Traquez leurs doigts et trouvez le trader
Mis récemment sur le devant de la scène, les traders, spectaculaires et inaccessibles, intriguent, irritent ou forcent l’admiration. Ils méritaient donc bien une petite étude de sociobiologie, elle qui traque le gène qui pilote nos actions quotidiennes.
Le Figaro, rubrique Sciences, nous livre une étude qui démontrerait que le signe distinctif du trader est un annulaire bien plus long (que la norme – mais quelle norme ?) que l’index.
49 traders ont livré leurs mains. Ils ont en commun un annulaire plus long que l’index. Et alors ? Alors John Coates et son équipe de l’université de Cambridge qui ont conduit l’étude en ont déduit que ces traders étaient des hommes, des vrais, des bourrés de testostérone. « Les envahisseurs » de David Vincent avaient le petit doigt en l’air, ceux de Wall Street dressent fièrement leur annulaire. Donc John Coates n’a pas fait mieux que Larry Cohen, créateur de la série. Fallait-il être universitaire pour tirer des conclusions aussi fumeuses, fondées sur un échantillonnage aussi réduit ?
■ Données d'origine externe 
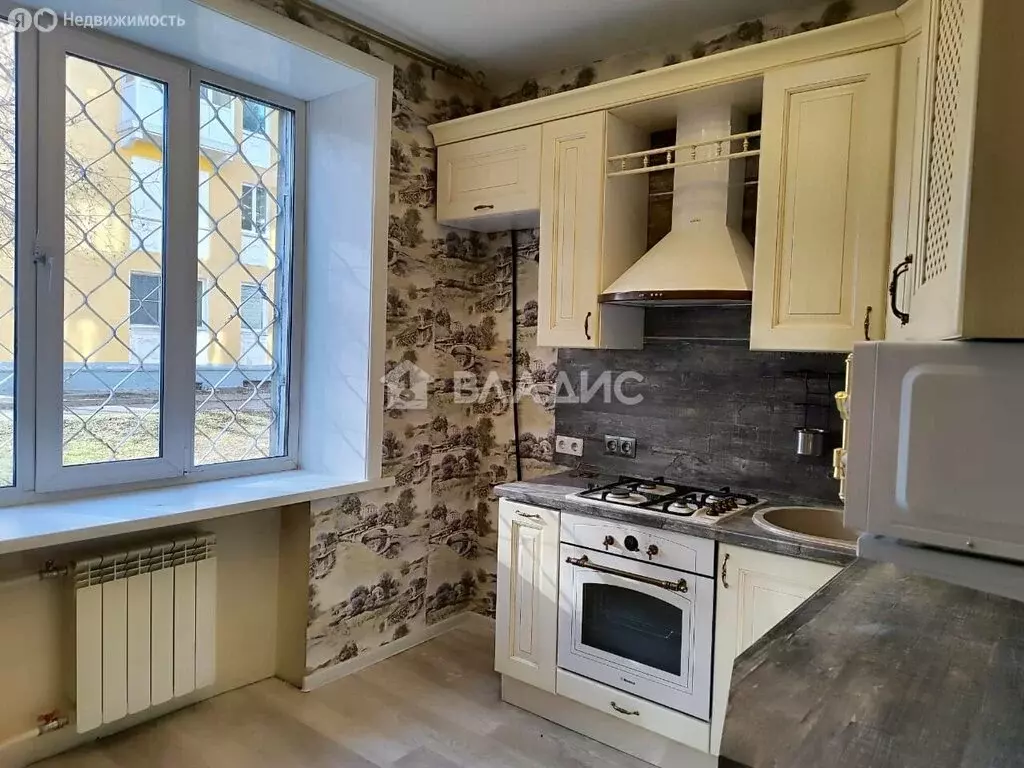 3-комнатная квартира: Ангарск, квартал А, 16 (75.3 м) - Фото 2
Hormis les 49 étudiés, comment sont les autres ? C’est le biais de Diagoras qui s’exprime ici. Diagoras de Melos était un poète grec athée du Ve siècle. Marcus Tullius Cicéron raconta qu’on lui montra un jour une liste de croyants qui avaient prié avec ferveur et avaient ainsi été rescapés d’un naufrage. Diagoras aurait alors demandé : « Où sont les noms de ceux qui avaient prié et qui sont morts ? »[1] Le problème de Diagoras habite nombre d’études, dès qu’elles ne s’appliquent pas sur un assez grand échantillonnage. C’est aussi ce biais qui fait le sens commun, qui nous fait raisonner par ce qu’on voit en éliminant tout ce qu’on n’a pas vu. La science devrait au contraire s’appliquer à éliminer ce biais récurrent. Ce n’est pas la sociobiologie qui le fera ; elle s’acharne à généraliser à partir d’un constat local, comme on le faisait au XIXe siècle avec la forme du crâne et le classement des criminels.
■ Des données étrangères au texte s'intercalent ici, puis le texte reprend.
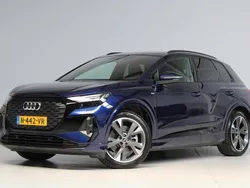 Blauw Gebruikt 2021 Audi Q4 e-tron Competition SUV | € 34.945 (Super prijs)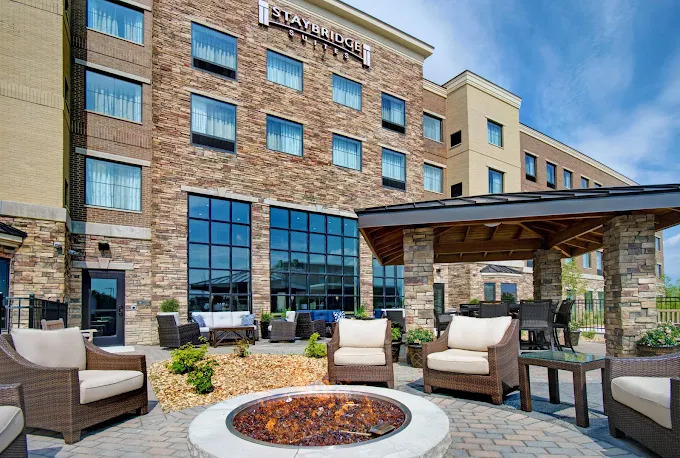staybridge-sterling-heights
Si nous sommes assez nombreux à regarder nos doigts, il est fort à parier que la diversité sera telle qu’on ne pourra en tirer aucune conclusion. En attendant, moi j’ai dû rater ma carrière. J’ai une main de trader, alors que je ne suis que blogueuse, et bourrée de testostérone, probablement. Est-ce l’utilisation abusive du clavier qui fait pousser l’annulaire ? Une bonne et belle étude à soumettre à John Coates !
[1] Anecdote tirée de l’ouvrage de Nassim Nicholas Taleb, Le cygne noir – la puissance de l’imprévisible, éd. Les Belles Lettres, 2008.